Regarding bond order 4 and aromaticity in general: technically, values of bond type 4 through 8 are for SSS queries only and should not be used in SDfiles to indicate aromaticity. In my opinion, there simply isn't a need to indicate aromaticity in a file format from a Cheminformatics perspective. For more information, please see this blog post, which summarizes the issue around aromaticity very well. Even the SMILES representation used in KNIME-CDK shouldn't be aromatic SMILES but for various reasons (including my own weakness) I couldn't yet bring myself to eliminate the aromatic option. :)

Back to the problem at hand: Can you please clarify what you mean by 'CDK correctly manages the aromatic information' in the case of aromatic SMILES? Does that mean you get a SDfile out with bond type 4? That would indeed be a bug.
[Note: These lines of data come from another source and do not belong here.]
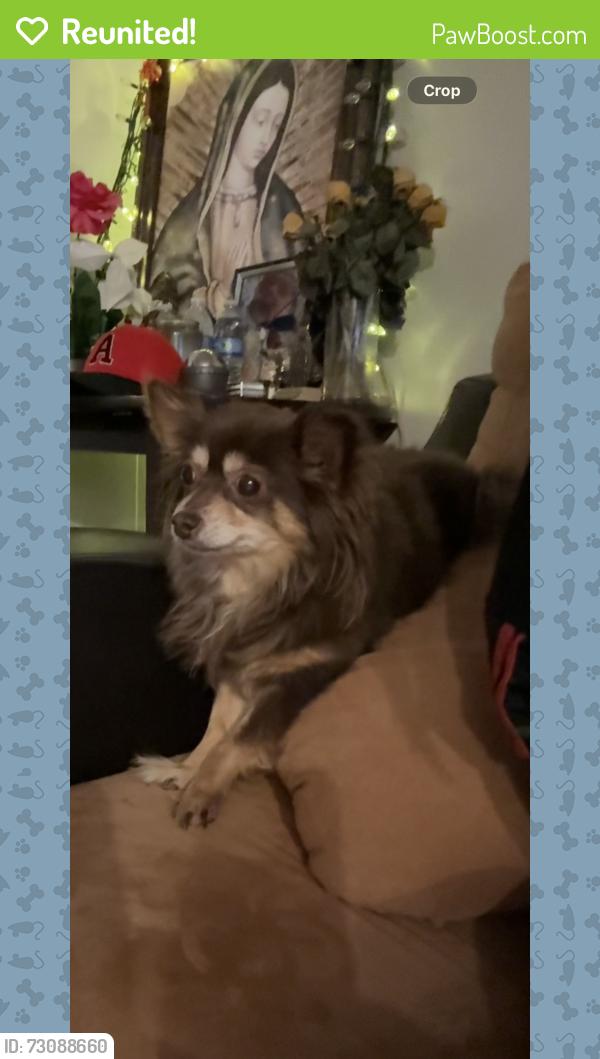 Reunited Female Dog last seen Near locust Ave Fontana CA 92335, Fontana, CA 92335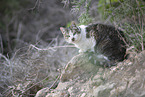 doemstic cat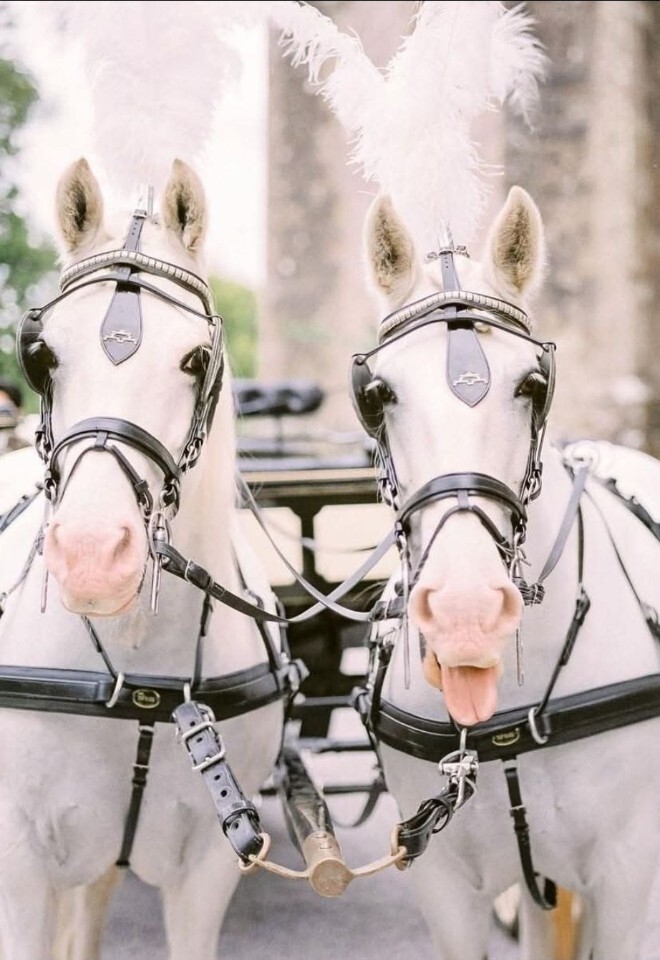 Beautiful white horses pulling horse drawn wedding carriage in Gloucestershire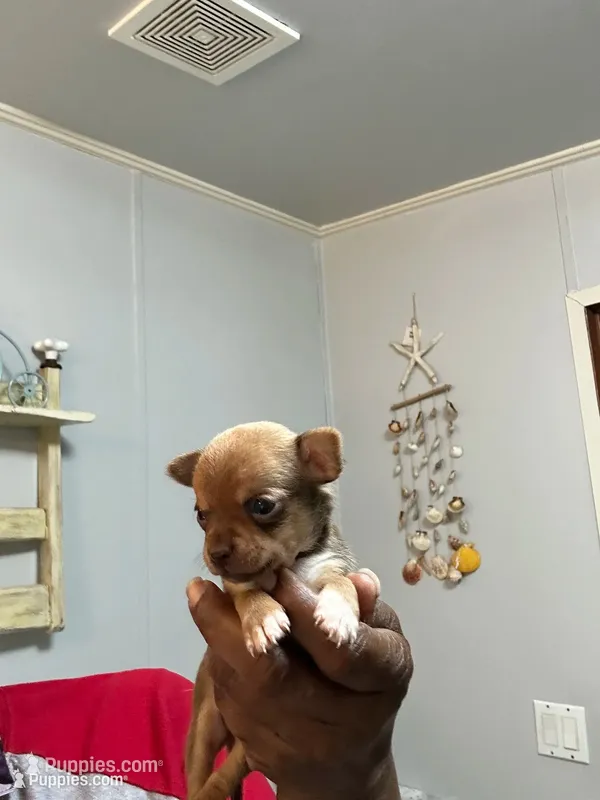 Layla – Chihuahua puppy for sale in Rapidan, VA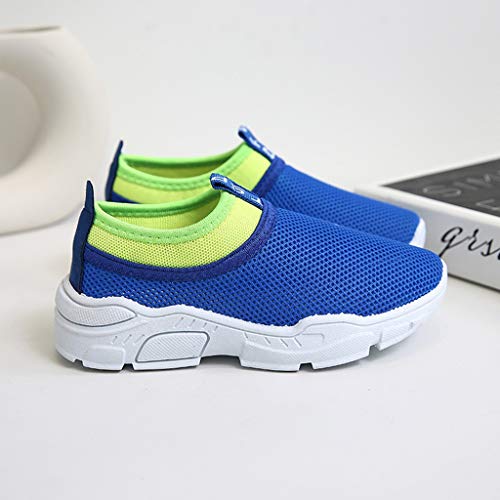 YWLINK NiñOs NiñAs Zapatos, Malla Colores Mezclados Zapatillas Casual Zapatos Al Aire Libre MontañIsmo Corriendo Moda Casual Antideslizante Transpirable Fiesta Regalo(Azul,34EU)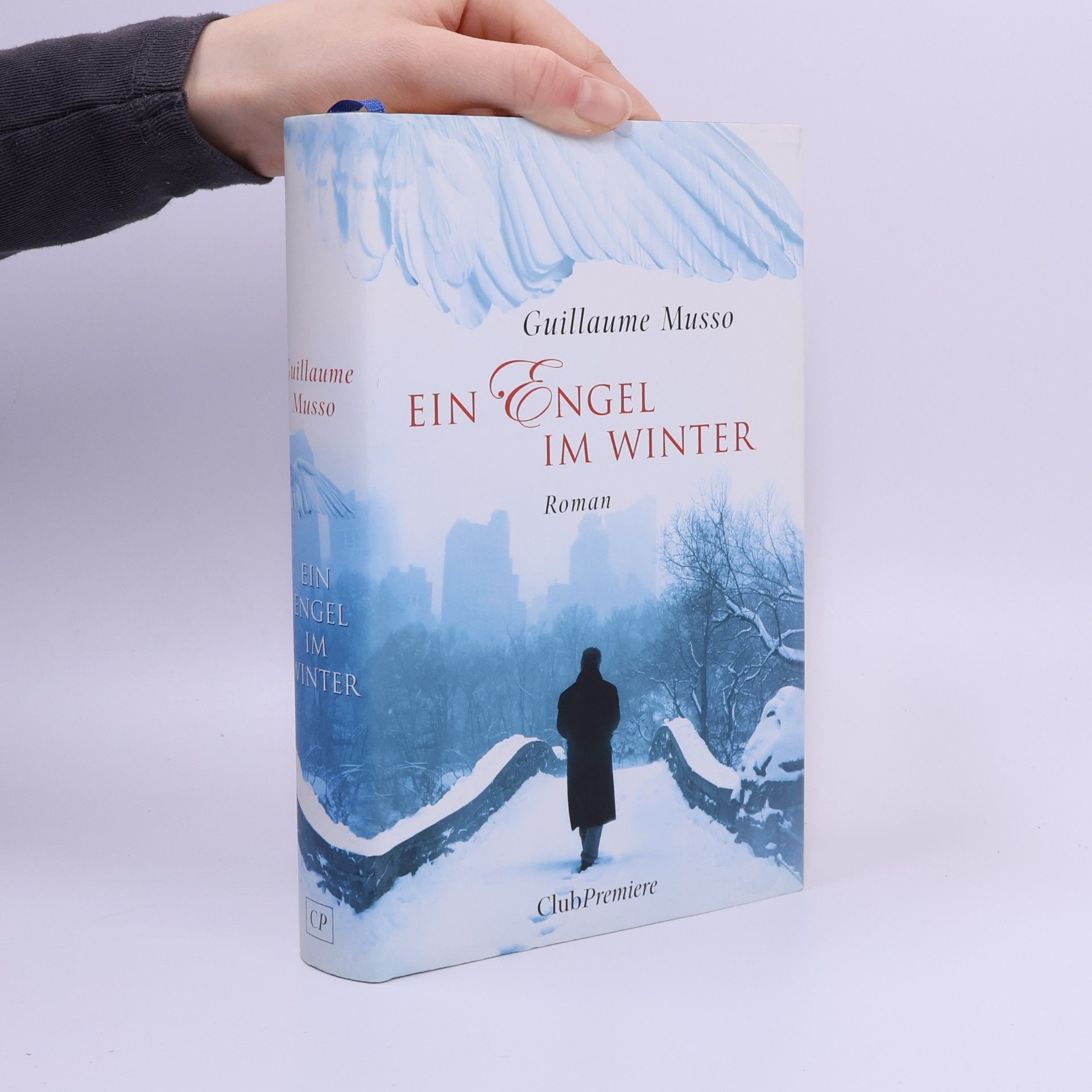 Ein Engel im Winter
Also, would you mind sharing your use case? What do you need the aromaticity in the SDfile for? If you can do without it, this might be better long term. Sorry to answer your question with more questions. :)

Best regards,

Stephan

 

 

Dear Stephan,

Thank you for your quick and detailed answer. It's a relief knowing that CDK automatically detects aromaticity by default.

About bond order 4 and aromaticity: thank you so much for your clear answer. I'm not an expert of ctab and SDfile formalism and I wasn't aware of the fact that bond type 4 to 8 are reserved only for SSS queries. Now it's everything clear. I would also point other unaware users to this blog post (http://chem-bla-ics.blogspot.com.es/2011/10/cdk-file-formats-1-mdl-molfiles-and.html) explaining this issue very well.

Back to the problem: when I state “if the aromatized molecule is read from a SMILES file then CDK correctly manage the aromatic information” I just was meaning that the aromaticity in that case was shown in the CDK molecule renderer, while I wasn't see that when I was exporting to SDfile. But that was just because in the latter case the enabled renderer was the Marvin one and in the former the CDK one. So I was confused by the renderers. Anyway no molecule with bond order 4 is created and so no bug for CDK exists.

What do I need the aromaticity for? Well, I just wanted a way to check if the aromaticity of molecules (or better to say “conjugational equivalence”) was detected or not. Again my problem was that I was confusing the aromaticity detection of CDK (that now I know is always enabled) with the rendering of aromaticity (pictures with aromatic circles inside the rings) which can be disabled or enabled depending on the user preferences and the chosen renderer.

I hope this post can help also other users which are confused on this matter.

Stephan, thanks again for your help!

Gio

Excellent, thanks for sharing your experience and the link to the blog post. I'm sure that will help others.